Sto cercando di perfezionarmi, la discrezione è la regola massima e mai come prima mi mette in difficoltà. Non sono capace di fermarmi, non riesco a rinunciare all’idea di uno spazio. Uno spazio che sia mio.

È una mia responsabilità mettere a disposizione quello che serve, affiancare il percorso delle altre senza conoscerne l’intensità e i dettagli, ma succede troppo di frequente che l’essere così vicina a Lui crei delle gelosie assurde, delle cattiverie impossibili da gestire.

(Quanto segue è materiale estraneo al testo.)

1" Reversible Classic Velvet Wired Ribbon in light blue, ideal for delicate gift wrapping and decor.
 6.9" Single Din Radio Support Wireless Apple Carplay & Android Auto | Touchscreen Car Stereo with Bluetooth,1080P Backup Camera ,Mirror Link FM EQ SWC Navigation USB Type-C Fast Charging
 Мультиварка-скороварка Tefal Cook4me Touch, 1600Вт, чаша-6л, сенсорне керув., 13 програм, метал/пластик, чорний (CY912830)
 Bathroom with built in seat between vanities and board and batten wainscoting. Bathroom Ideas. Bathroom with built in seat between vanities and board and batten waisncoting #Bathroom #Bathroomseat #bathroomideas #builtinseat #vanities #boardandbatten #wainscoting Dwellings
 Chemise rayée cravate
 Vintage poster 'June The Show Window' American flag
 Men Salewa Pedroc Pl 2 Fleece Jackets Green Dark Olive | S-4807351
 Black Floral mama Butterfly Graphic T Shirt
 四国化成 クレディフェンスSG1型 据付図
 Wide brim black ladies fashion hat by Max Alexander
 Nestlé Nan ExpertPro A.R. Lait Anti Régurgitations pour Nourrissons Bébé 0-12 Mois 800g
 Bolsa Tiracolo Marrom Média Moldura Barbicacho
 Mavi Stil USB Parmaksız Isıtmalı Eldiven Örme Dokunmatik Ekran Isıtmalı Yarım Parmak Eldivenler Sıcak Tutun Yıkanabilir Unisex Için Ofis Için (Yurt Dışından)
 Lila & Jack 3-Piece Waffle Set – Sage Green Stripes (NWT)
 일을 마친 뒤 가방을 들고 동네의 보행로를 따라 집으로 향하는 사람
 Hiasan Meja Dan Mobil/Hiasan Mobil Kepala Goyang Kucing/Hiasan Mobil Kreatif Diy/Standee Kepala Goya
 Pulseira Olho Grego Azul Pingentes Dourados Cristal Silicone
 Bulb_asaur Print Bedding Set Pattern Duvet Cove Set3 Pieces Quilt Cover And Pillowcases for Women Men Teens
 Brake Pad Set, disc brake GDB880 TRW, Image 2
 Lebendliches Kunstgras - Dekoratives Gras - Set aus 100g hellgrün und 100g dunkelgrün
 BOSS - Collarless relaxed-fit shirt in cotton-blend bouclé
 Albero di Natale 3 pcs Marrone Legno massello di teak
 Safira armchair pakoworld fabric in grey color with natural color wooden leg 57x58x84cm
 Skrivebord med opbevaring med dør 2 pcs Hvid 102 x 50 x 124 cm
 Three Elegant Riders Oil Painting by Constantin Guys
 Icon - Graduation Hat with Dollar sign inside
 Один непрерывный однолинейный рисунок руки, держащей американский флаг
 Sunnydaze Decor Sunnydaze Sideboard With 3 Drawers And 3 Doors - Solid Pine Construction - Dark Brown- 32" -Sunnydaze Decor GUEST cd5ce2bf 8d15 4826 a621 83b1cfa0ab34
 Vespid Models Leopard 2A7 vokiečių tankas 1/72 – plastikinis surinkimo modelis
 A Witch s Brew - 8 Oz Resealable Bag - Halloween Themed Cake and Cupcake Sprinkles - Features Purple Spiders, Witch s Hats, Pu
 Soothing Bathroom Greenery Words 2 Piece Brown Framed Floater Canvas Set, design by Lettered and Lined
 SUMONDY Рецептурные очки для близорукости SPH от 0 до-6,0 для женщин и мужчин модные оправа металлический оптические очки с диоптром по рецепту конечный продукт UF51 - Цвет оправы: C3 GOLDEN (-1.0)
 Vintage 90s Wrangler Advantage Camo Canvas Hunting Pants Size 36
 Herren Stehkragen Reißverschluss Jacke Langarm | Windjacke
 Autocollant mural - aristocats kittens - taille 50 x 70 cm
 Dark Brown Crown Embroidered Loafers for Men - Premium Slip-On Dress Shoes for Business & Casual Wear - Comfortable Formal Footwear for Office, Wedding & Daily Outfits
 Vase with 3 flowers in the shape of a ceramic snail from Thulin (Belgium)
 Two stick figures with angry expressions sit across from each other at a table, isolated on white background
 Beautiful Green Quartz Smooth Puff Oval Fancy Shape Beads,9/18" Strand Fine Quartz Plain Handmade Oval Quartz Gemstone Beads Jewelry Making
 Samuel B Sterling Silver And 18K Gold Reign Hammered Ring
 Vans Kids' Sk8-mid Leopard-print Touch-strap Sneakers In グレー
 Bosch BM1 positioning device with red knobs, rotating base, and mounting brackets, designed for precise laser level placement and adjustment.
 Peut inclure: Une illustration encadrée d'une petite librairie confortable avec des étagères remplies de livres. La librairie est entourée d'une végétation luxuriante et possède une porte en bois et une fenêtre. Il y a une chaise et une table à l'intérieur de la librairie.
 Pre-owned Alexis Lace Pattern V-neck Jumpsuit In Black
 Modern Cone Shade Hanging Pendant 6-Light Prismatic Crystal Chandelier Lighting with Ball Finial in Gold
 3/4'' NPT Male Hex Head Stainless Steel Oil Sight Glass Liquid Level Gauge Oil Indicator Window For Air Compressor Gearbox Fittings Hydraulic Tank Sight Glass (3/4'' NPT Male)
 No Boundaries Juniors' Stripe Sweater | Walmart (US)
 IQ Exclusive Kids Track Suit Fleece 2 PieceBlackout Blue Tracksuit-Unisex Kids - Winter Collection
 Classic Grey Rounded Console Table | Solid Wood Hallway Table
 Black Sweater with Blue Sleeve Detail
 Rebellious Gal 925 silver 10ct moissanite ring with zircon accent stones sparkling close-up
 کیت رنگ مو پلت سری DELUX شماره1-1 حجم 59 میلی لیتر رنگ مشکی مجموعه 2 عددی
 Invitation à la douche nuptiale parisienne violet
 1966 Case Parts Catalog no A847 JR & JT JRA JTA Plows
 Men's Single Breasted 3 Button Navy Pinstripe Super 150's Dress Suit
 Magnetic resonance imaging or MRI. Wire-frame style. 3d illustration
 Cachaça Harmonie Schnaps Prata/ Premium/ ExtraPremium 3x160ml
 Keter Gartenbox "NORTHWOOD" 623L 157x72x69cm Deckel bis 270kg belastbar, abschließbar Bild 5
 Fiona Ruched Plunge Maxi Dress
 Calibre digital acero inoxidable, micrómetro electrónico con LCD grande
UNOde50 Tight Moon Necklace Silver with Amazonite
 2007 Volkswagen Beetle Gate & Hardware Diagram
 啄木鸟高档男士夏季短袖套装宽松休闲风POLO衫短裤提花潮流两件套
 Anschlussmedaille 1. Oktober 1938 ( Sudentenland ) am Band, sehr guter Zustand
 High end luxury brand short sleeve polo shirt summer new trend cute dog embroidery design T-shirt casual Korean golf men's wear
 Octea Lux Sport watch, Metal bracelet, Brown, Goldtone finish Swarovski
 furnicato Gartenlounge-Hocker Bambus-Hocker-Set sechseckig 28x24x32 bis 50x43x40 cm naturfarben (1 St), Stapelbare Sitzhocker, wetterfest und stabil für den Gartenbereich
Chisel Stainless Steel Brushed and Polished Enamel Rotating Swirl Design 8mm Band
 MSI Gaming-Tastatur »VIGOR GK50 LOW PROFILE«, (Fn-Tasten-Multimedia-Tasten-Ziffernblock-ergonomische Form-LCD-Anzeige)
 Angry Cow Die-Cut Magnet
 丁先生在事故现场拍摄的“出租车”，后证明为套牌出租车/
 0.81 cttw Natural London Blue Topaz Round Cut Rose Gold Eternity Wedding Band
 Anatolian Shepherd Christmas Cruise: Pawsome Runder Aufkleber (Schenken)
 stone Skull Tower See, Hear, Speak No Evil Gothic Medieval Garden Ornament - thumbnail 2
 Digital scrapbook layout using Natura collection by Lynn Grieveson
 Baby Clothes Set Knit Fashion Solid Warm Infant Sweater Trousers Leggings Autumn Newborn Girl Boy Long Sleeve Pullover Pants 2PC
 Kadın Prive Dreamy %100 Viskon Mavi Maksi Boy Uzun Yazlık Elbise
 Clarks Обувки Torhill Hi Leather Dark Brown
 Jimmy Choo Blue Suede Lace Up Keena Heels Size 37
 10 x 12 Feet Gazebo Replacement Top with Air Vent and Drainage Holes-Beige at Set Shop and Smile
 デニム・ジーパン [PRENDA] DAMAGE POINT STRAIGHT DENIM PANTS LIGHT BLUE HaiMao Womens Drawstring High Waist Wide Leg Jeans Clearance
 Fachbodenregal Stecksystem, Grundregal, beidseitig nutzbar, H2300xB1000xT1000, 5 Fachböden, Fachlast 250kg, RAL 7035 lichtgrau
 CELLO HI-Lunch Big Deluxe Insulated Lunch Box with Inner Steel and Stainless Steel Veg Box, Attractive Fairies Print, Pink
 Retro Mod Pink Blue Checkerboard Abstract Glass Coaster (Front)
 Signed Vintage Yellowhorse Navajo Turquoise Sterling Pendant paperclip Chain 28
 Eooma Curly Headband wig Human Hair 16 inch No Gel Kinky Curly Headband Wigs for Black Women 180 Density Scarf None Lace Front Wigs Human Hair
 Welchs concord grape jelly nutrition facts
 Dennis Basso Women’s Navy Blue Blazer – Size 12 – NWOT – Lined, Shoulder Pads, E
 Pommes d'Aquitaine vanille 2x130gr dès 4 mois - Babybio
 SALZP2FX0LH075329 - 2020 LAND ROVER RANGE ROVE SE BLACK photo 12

Ci sono sorelle che adoro ma quando una rivalità si affaccia diventa difficile convivere. Dacché siamo inseparabili all’improvviso tutto appare diverso, ci odiamo. Ognuna di noi teme l’altra, i numerosi tentativi di trovare la giusta occasione per indebolire la sicurezza di una compagna sono la sfortuna che ci distrugge nel tempo. Me ne rendo conto, ed è importante per me farlo notare, soprattutto a Rina, anche se considero inevitabili questi cedimenti.

È un meccanismo complicato, non fosse che il Padrone è sempre così perspicace, causeremmo ammanchi riprovevoli a pregiudicare l’armonia.

Non me lo potrei perdonare.

È comprensibile ma siamo gelose della stima che riceviamo anche se lo neghiamo, non esiste niente che sprigioni per noi più senso delle attenzioni dei Maestri e delle occasioni escogitate per rimanere da soli. È comprensibile ma non è abbastanza, non è giustificabile.

Il Padrone ci protegge da noi stesse, ogni volta che viene o chiama a sé una di noi ci propiziamo per i Suoi favori ma non possiamo farne a meno, la nostra volontà non guarisce dal possesso. Non riusciamo a privarci di quanto dovremmo, la nostra mente beneficia sempre di ciò che il nostro corpo sente: ci promettiamo di mantenere altrettanto per il futuro, quindi necessità e impedimento spesso coincidono.

Non tutte comprendono, né io stessa sono sempre in grado di capirlo, ma più di ogni altra cosa questa animosità è un dono, è un privilegio rispetto al prezzo del miglioramento che sosteniamo attraverso il confronto. È il segnale di un delicato sviluppo per la coscienza: il desiderio per il Padrone che sia sempre la grazia ad accompagnarci in ogni situazione.

La nostra difficoltà è quindi il nostro motore e il nostro tavolo da stiramento: tutte insieme, noi siamo gioia e sofferenza.

E resto davvero colpita quando la saggezza crea inconciliabili strappi con sicurezze precedenti che credevo consolidate. La superiorità d’animo aiuta a liberare la volontà. L’umiltà permette di non negare l’imperfezione ma di andare avanti, con il lavoro e con la formazione, anche attraverso la perfidia se occorre e alla sua sottile oscurità.